Time Team

Llancaiach Fawr - Dig Report

Features

Excavations underway

Friday 01 April 2011

The mystery of the moat at Llancaiach Fawr manor house is one that had our archaeologists scratching their heads. When a new visitor car park was constructed at the site of this 14th century grade 1 listed manor house the work uncovered a moat. Good news, and to be expected at a medieval manor site. There was a slight problem with the discovery however... the moat ran in the wrong direction, away from the standing manor into a field to the west. So what could the feature be, a roman fort, a royal court, a chapel... a cattle enclosure?

Time Team had been invited by Diane Walker, director of Llancaiach Fawr manor in South Wales to come up with some answers - in particular Diane hoped the team would be able to find evidence of an earlier manor house on the site. So the team got to work. Without waiting for the geophys team. Our first trench went in over the oat feature first planned by the Royal Commission in the 1970s. An earlier small dig in this area had discovered what could be stone walls. Phil was convinced we needed to think big, so our trench was much bigger.

The existing Llancaiach Fawr Manor house was built sometime in the early 16th century by the wealthy and powerful Pritchard family who claimed ancestry back to the 12th century. With the documents regarding the manor house itself only dating to the 16th century the length of time the family had lived at the site remained unclear. The team hoped that the moat would lead us to an earlier manor allowing the history of the site to be pushed back in time.

As the moat trench progressed it began to reveal what appeared to be lines of stonework but all in pretty bad condition. Perhaps geophys could help. John and his team got cracking over a wide area around the moat trench. Unfortunately the results prove less than conclusive. In fact there was almost nothing on them, including any evidence of the moat continuing. Our site director Ben Robinson was puzzled but didn't think the geophys was quite as discouraging as it first appeared. One feature stood out - a large ditch like feature running around the field. Ben was convinced this could be a boundary ditch - perhaps to an earlier settlement.

With no sign of an earlier manor house in the moat field the team turned their attention to the rest of the landscape around the standing building. Stewart had been examining old maps of the area and discovered what appeared to be the evidence of an earlier settlement to the south of the manor house. Could this be the site of our elusive manor. Geophys got straight to work and revealed... almost nothing at all. So, no house to the south then.

Back in the moat field the new trenches investigating the boundary ditch come up trumps - but not quite with what we expected. Phil was a very happy man when Bronze Age pottery began appearing. Settlement activity this old is rare in Wales and suggested that humans had lived at the site for thousands of years. Not quite what we had come to Llancaiach Fawr to find, but a great discovery nonetheless.

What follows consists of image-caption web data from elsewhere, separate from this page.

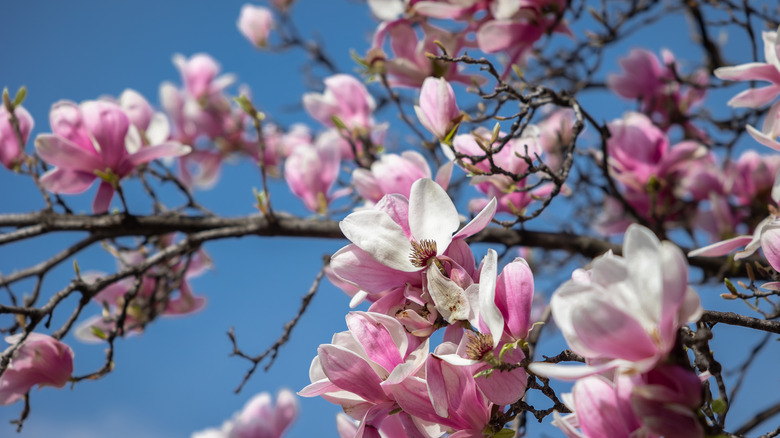 Magnolia blossoms against blue sky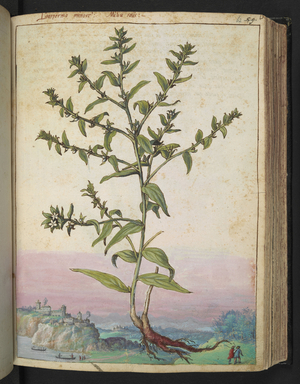 Lithospermum officinale, from "Paintings of Flora of the Roman States" by Gherardo Cibo, Add MS 22333, f062r, c.1564-84 (w/c & gouache on paper)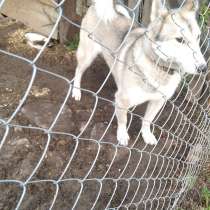 Отдам лайку в хорошие руки, в г.Молодечно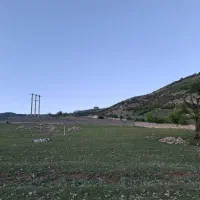 زمین کشاورزی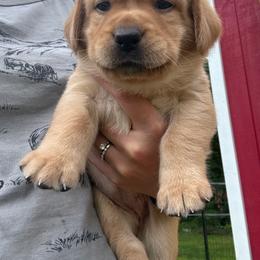 Lime - Yellow female Labrador Retriever puppy in Weare, New Hampshire from Emily's Labrador Retrievers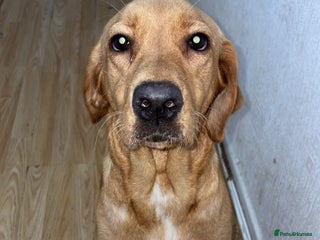 Labrador Retriever dogs 2 beautiful male labradors - Advert 5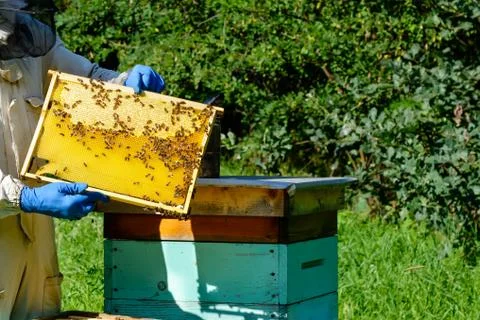 Beekeeper in protective workwear inspecting frame at apiary. The beekeeper holds Stock Photos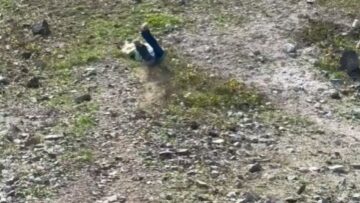 Hilarious-Faceplant-Woman-Takes-a-Tumble-Racing-Downhill-Try.jpg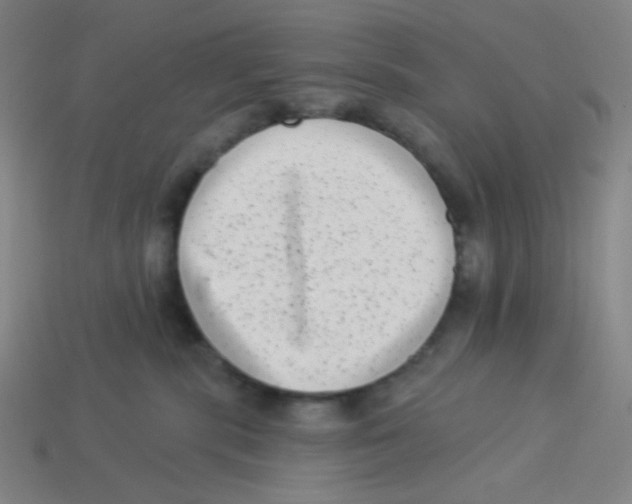 X0000113320283200910131134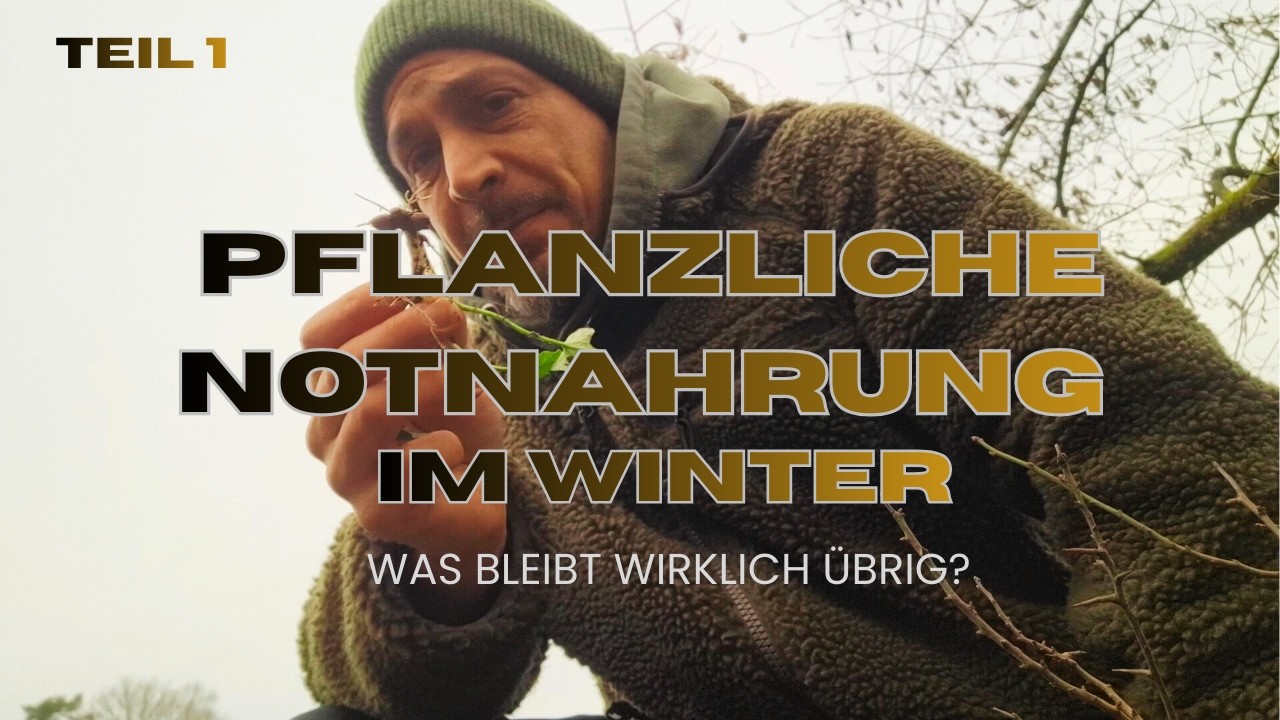 Teil 1  Pflanzliche Notnahrung im Winter  - Was bleibt wirklich übrig?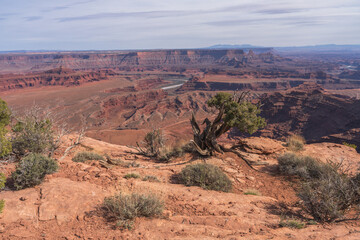 hiking the dead horse trail in dead horse point state park in utah, usa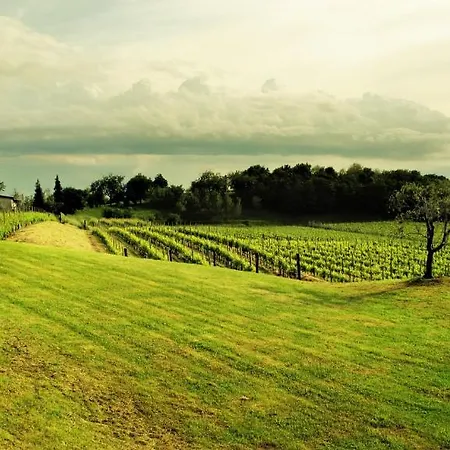 L'uva E Le Stelle Farm stay Faedis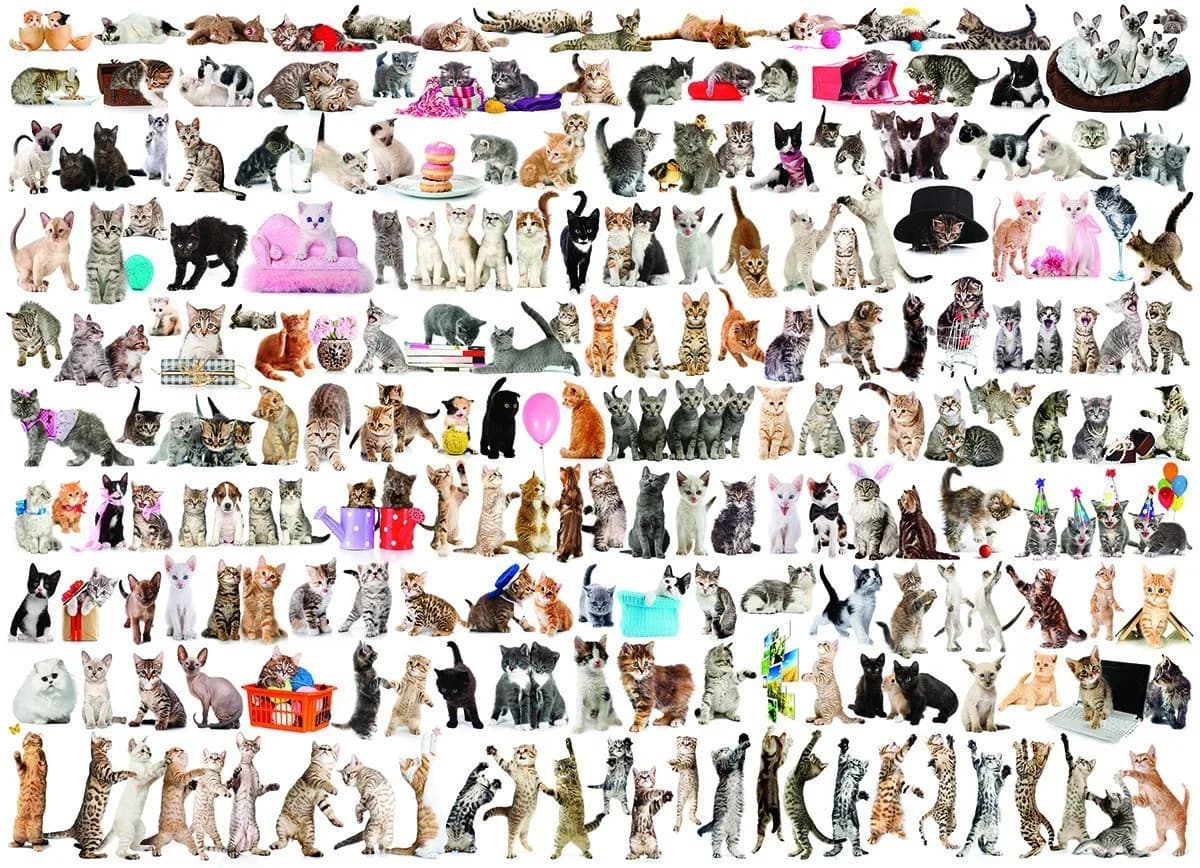 EuroGraphics World of Cats Jigsaw Puzzle 1000 Pieces | Educational STEM Toy — 1000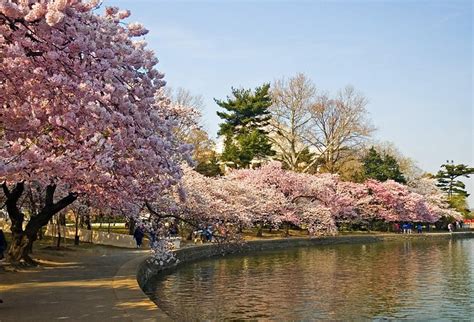 Foto Foto Pemandangan Bunga Sakura Jepang 4 Flickr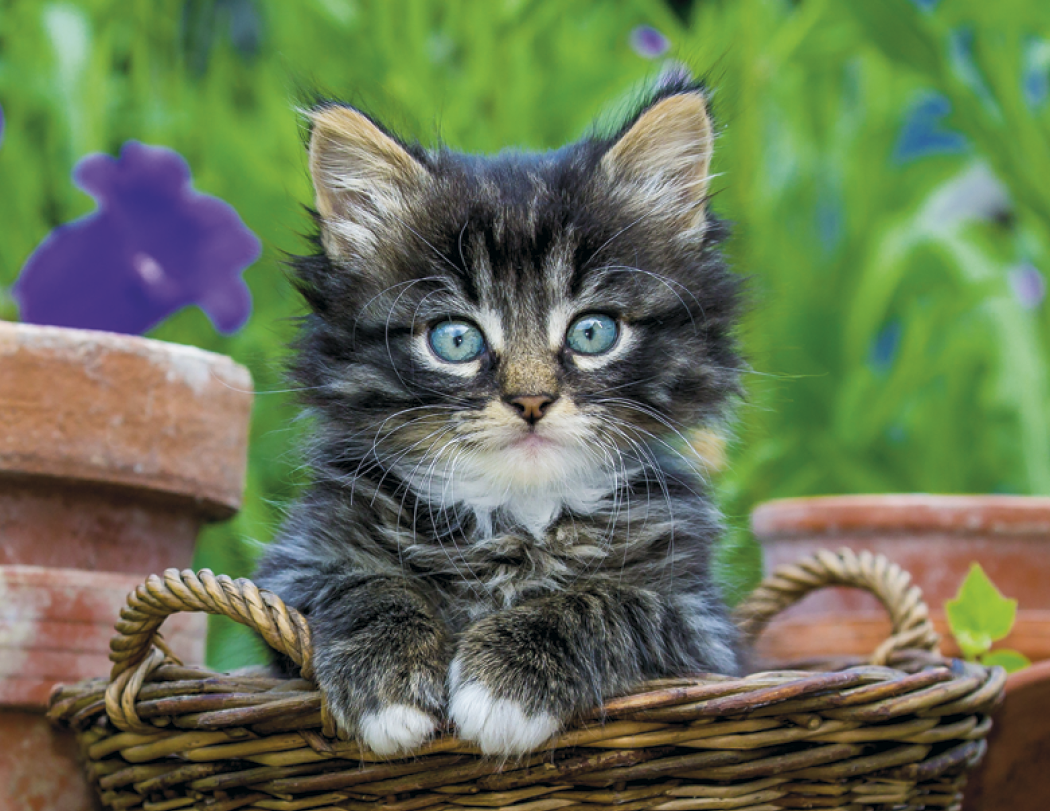 Good Value™ Puppies & Kittens - Spiral Calendar 17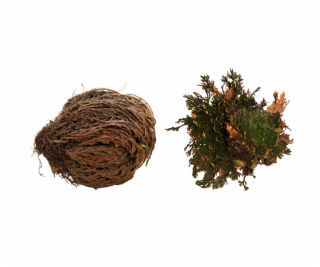 Lucky Reptile  Rose of Jericho  50 g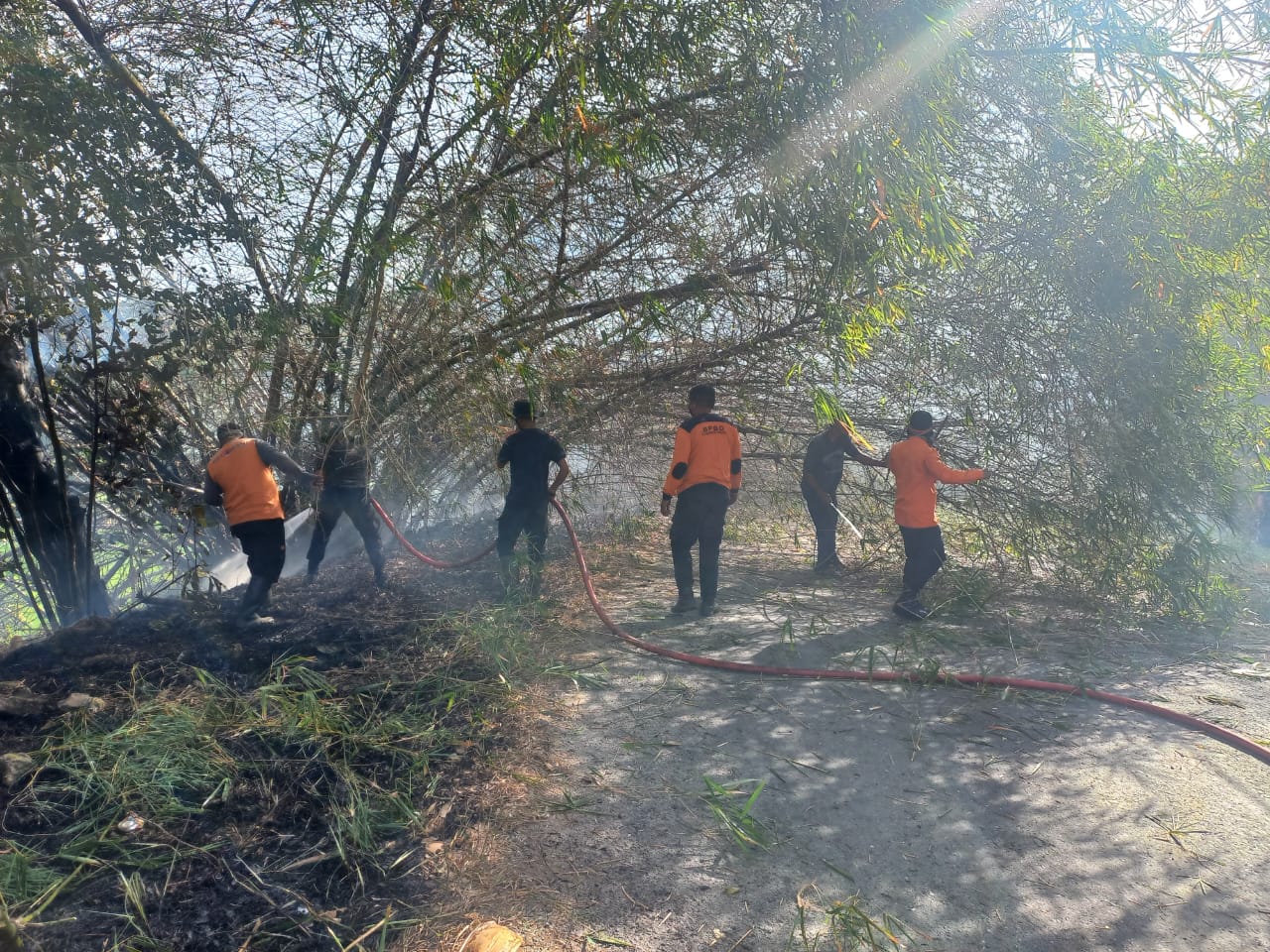 Mitigasi Karhutla, BPBD Sumbar Siapkan Opsi Modifikasi Cuaca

A Prehistoric enclosure was all very interesting but wasn't getting us any closer to an earlier manor site. Ben had a theory - he thought the earlier manor may be right next to the existing one, underneath its beautifully manicured ornamental gardens. With a nervous landowner looking on Raksha began to dig. Following the earth shattering discovery of a piece of plastic at the bottom of the trench we soon abandoned Bens new theory.

By now it was Stewarts turn again. Map evidence showed a trackway to the west of the site that could lead to a gatehouse and perhaps an early defensive wall, well, according to Stewart anyway. So a trench went in to test the theory and discovered... a sewage pipe.

As day three began Ben assembled the troops to consider our options. There was just one place left to look - the north of the manor. Could we finally be about to discover the lost manor house of Llancaiach Fawr? In short, no... At the end of our three days in Wales we hadn't found any evidence of medieval building on the site at all.

But it wasn't all bad news. Phil had been quietly working away in the moat field and had uncovered lots of evidence for prehistoric activity. It seemed likely that these ditches and banks as well as other prehistoric features which may have been visible in the 16th century could have been the very reason that the Pritchard family chose to build their grand manor house at the site - an association with legendary heroes of the ancient past could have been just what the family needed to legitimize their claim to this beautiful part of South Wales.